Darrell Wallace Jr. had gone into his bus for some clothes when a familiar feeling washed over him. The meetings are almost all done, the checklists made. Time has been put in on the simulator, numerous media requests, and the grind to get to Daytona is just about finished. And so, standing alone in the darkness, Wallace acknowledged the moment.
“I said, ‘Damn, it’s time to go,’” he recalled Tuesday smiling during Daytona 500 Media Day. “I’m pumped. I’m excited to get down there.”
Wallace understands that what he has with 23XI Racing is “for me the one and potentially last opportunity” in the NASCAR Cup Series. The excuses are gone when driving for a team affiliated with Joe Gibbs Racing that has Toyota support and plenty of resources — like being paired with a former Daytona 500 winning crew chief in Mike Wheeler — surrounding Wallace.
As he’s made a career of doing, Wallace expects to build something with 23XI. He does not expect to jump into his car and win right off the bat because, like any new team, a few races are always needed to get their feet underneath them. But the resume building begins in Daytona.
In 112 career Cup Series starts, Wallace has been a top-10 finisher nine times. A second-place finish in the 2018 Daytona 500 was the best finish for Richard Petty Motorsports, Wallace’s former team, since Brian Scott earned the same result at Talladega two years prior. Wallace’s three top-five finishes with Petty from 2018-20 could be considered overachievements for the underfunded organization.
This year, Wallace’s goals are different and much loftier. Wallace wants to win — at least twice.
“There is nothing wrong with having personal goals,” he said.
Winning teams run in the front half of the field consistently. While Wallace has had a taste of that competition, being a regular among the best drivers will be different and will bring an adjustment.
“I look at the races that we had driving (at Petty), the races where we were running up front and competing ,we were strong,” said Wallace. “Look at Indy two years ago and even last year. I know how to race against those guys. Do they expect me to be up there? No. Do they race me different because of it? Yes. And so, I think that’s the biggest thing is that’s going to change for other drivers.

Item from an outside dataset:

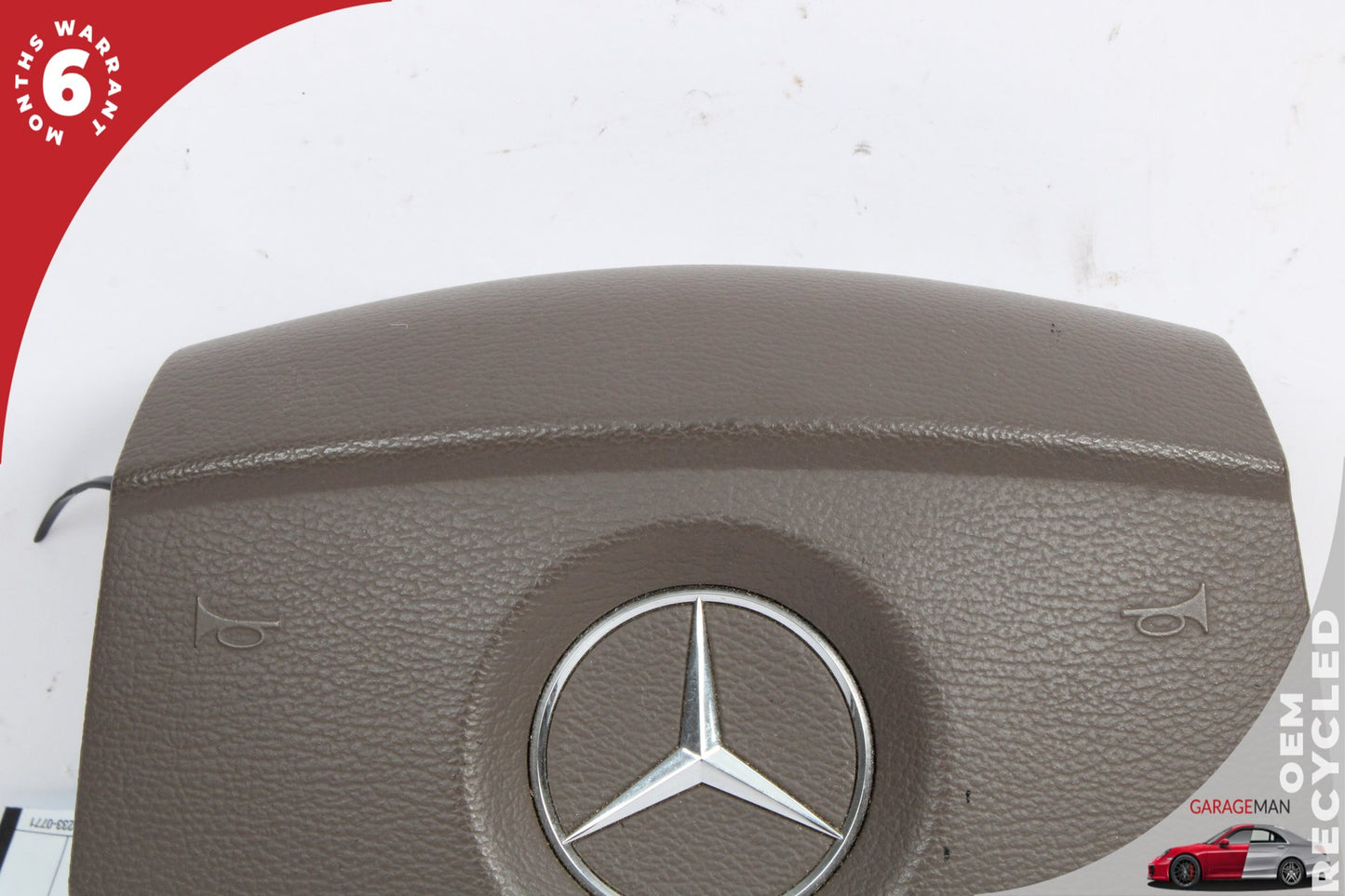 2006-2008 Mercedes W164 ML350 Front Left Steering Wheel Airbag 1644600098 OEM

“Hopefully, it’s like, OK, this kid, this guy, whatever they call me, knows what he’s doing up here and so we have to race him a little bit different. I’m not expecting it to be a cakewalk at all; we’re there to race and race hard. That’s what I’m looking forward to the most, more of running in the top 10 each and every week, showing we’re a factor and able to contend for wins and just go out and have fun and do the best we can.”
In Wallace’s corner is team co-owner Denny Hamlin, a three-time Daytona 500 winner who has become not only a series veteran but one of championship-caliber with over 40 wins on his resume. Hamlin has routinely praised Wallace’s talent and has belief in their being successful together.
Still an active driver himself for Joe Gibbs, Hamlin embarks on a new challenge of balancing his responsibilities and focus for the No. 11 team and being an owner. But Wallace said Hamlin is crunching away, and things are ramping up in their interaction and relationship as Daytona approaches.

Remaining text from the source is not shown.